The inaugural Council of Southern African Football Associations (COSAFA) Beach Soccer tournament will be held in Roche Caiman, Seychelles from April 9-11 as the region’s best take to the sand with the goal of being crowned champions.
The event, which is set to become part of the annual COSAFA fixture schedule, will feature six teams, including guest nation United Arab Emirates.
Hosts Seychelles will also be joined by South Africa, Madagascar, Malawi and Mauritius over three days of competition ahead of the Confederation of African Football (CAF) championship that will be held at the same venue from April 14-19.
That eight-team CAF tournament will feature two COSAFA countries, hosts Seychelles and Madagascar, who recently ousted South Africa from the qualifiers.

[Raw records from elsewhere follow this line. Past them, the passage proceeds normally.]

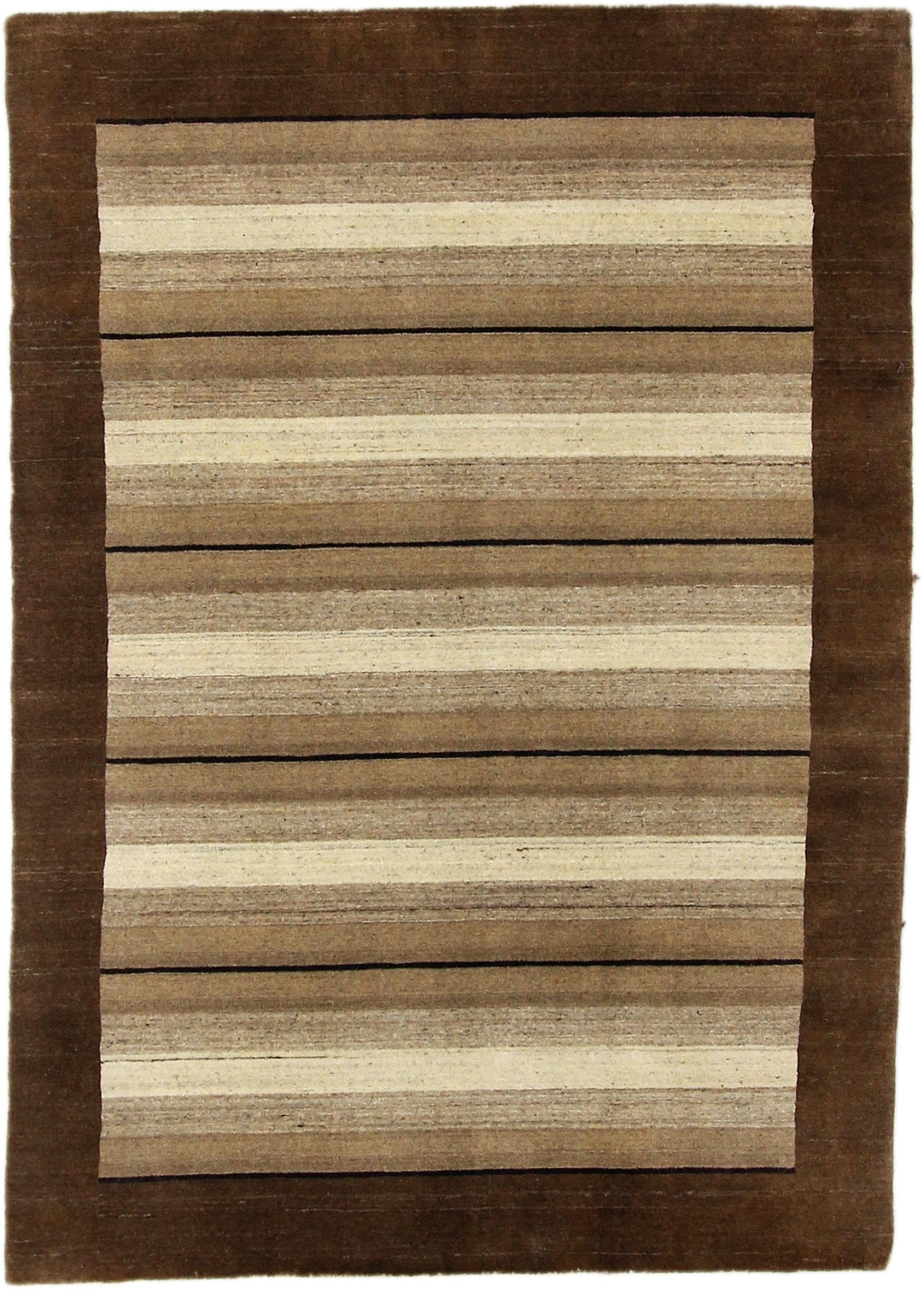 Tapis laine Lori Gabbeh 126x179 moderne d'Orient pour chambre et salon
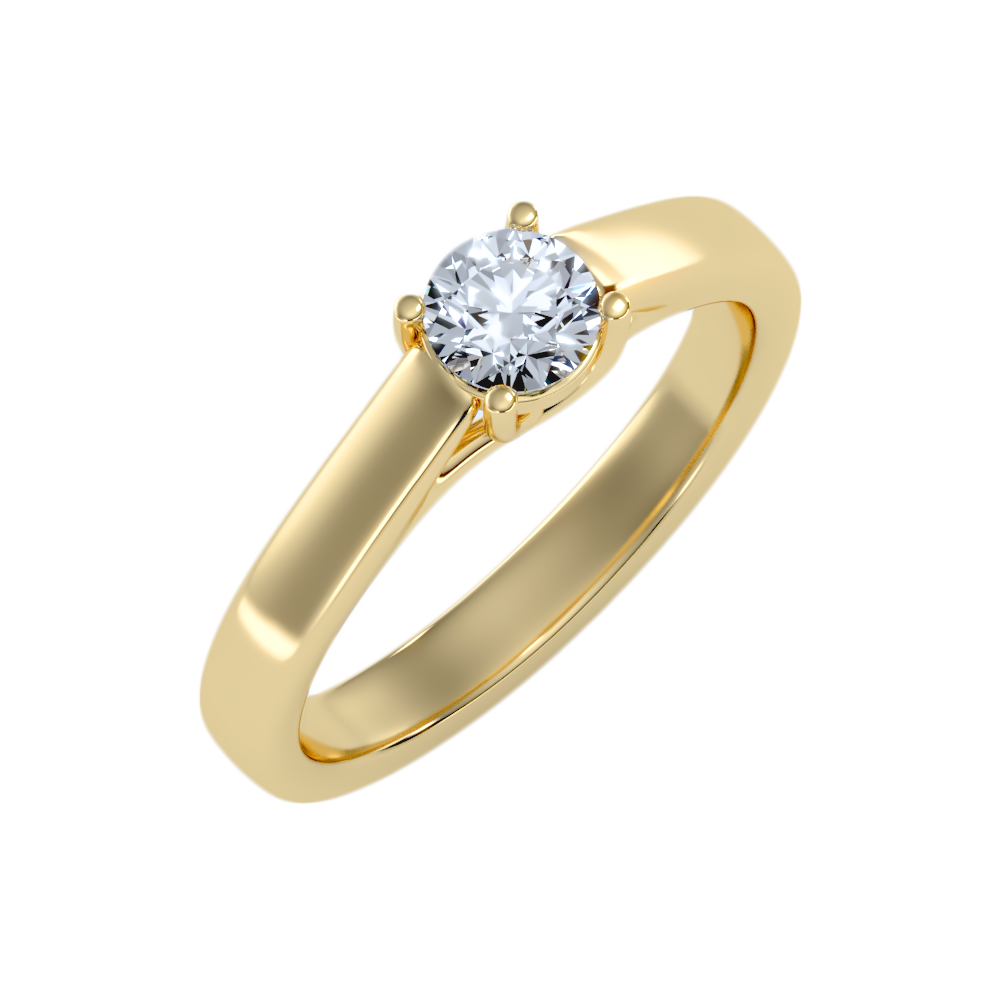 Lindo Solitaire Ring-Color_Yellow-Gold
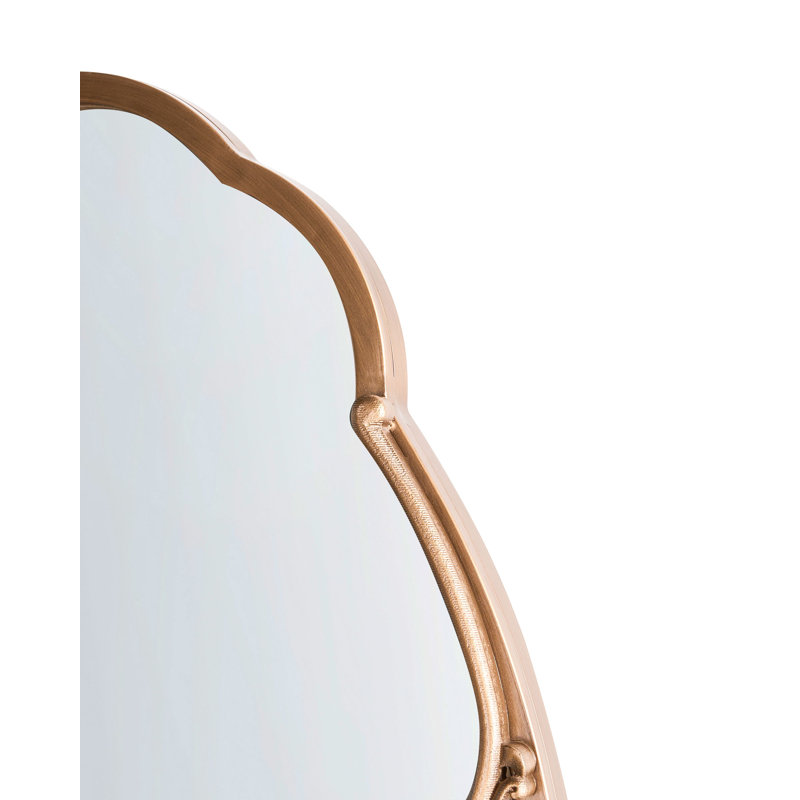 Iron Oval Mirror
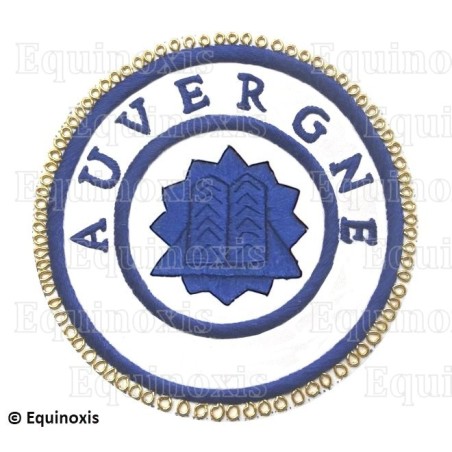 Badge / Macaron GLNF – Petite tenue provinciale – Grand Hospitalier – Auvergne – Brodé main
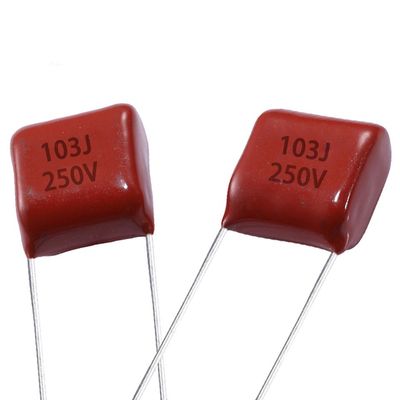 154J 100V मेटालाइज्ड पॉलिएस्टर फिल्म कैपेसिटर सेल्फ हीलिंग हाई टेम्परेचर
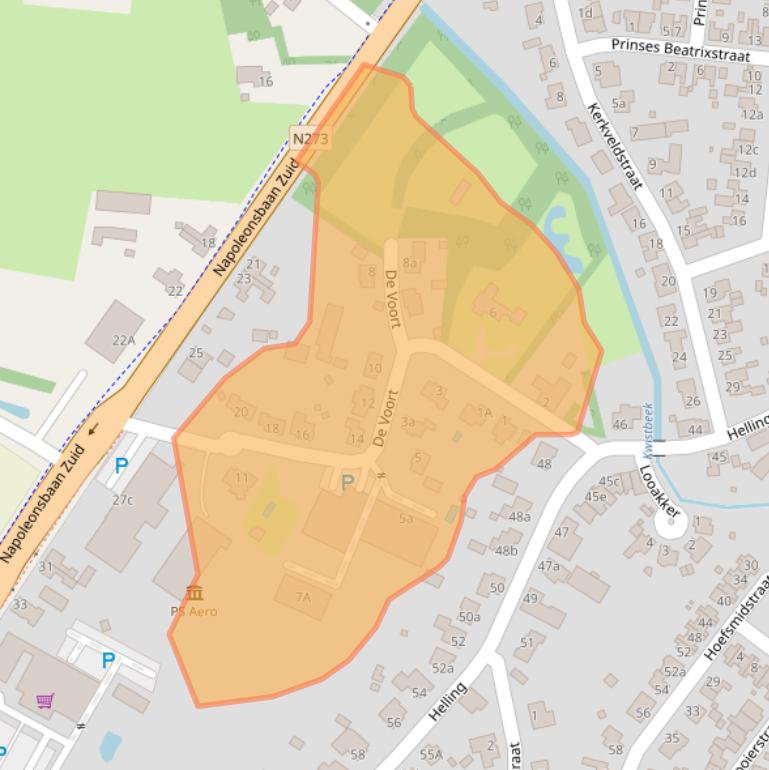 Kaart van postcodegebied 5991DC.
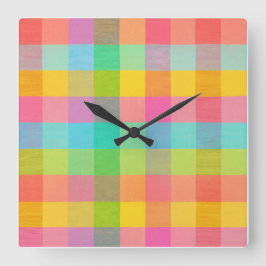 Xadrez Tutti Frutti - Relógio de Parede Verificado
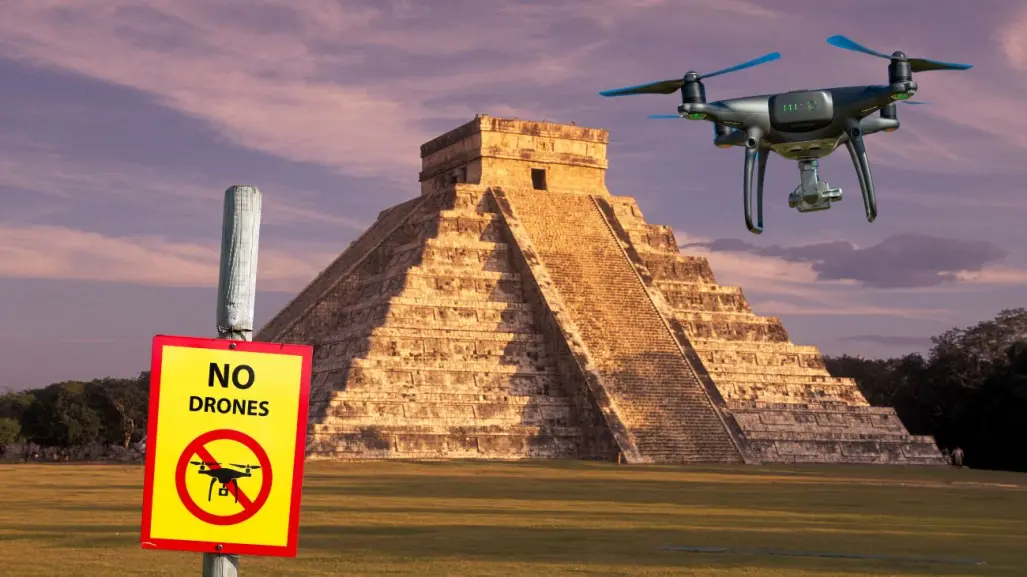 ¿Está permitido sobrevolar Chichén Itzá con un dron como Mr. Beast?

Beach soccer has grown in popularity around the world, with the next FIFA Beach Soccer World Cup to be played in Portugal later this year.
Brazil have dominated the game in the last two decades, bagging 13 of the 17 World Cup to have been played so far.
South Africa are the only COSAFA nation to have appeared at the World Cup before, in 1999 and 2005, but Seychelles and Madagascar will hope to change that with the two finalists at the CAF Beach Soccer Championship this year earning a place in Portugal.
That is why the COSAFA event is so important in that it will give them the perfect preparation for the continental finals.
“Beach soccer has seen an explosion of interest in recent years and as COSAFA we are delighted to host our first championship in this popular form of the game. We aim to make it an annual event and help to grow the popularity of the sport to even greater heights so that we can develop talent from the region and compete on the global stage,” says Suketu Patel, President of COSAFA.
“Seychelles is the perfect host for this first tournament and will provide them with experience ahead of the CAF Championship to be held just a few days later. There can be few better settings around the world for such a tournament.”
Beach soccer is a five-a-side game, which includes a goalkeeper, with a maximum of five additional substitutes on the sidelines.
Unlike association football, teams can make as many substitutions as they like, swapping players in and out of the game at their discretion.
A match is 12 minutes long, but split into three equal four-minute periods. If the score is level after regulation time, three minutes of extra-time will be played and if still level after that, a penalty shoot-out takes place.
If a player receives a yellow card, he must spend two minutes on the sidelines before returning to the action.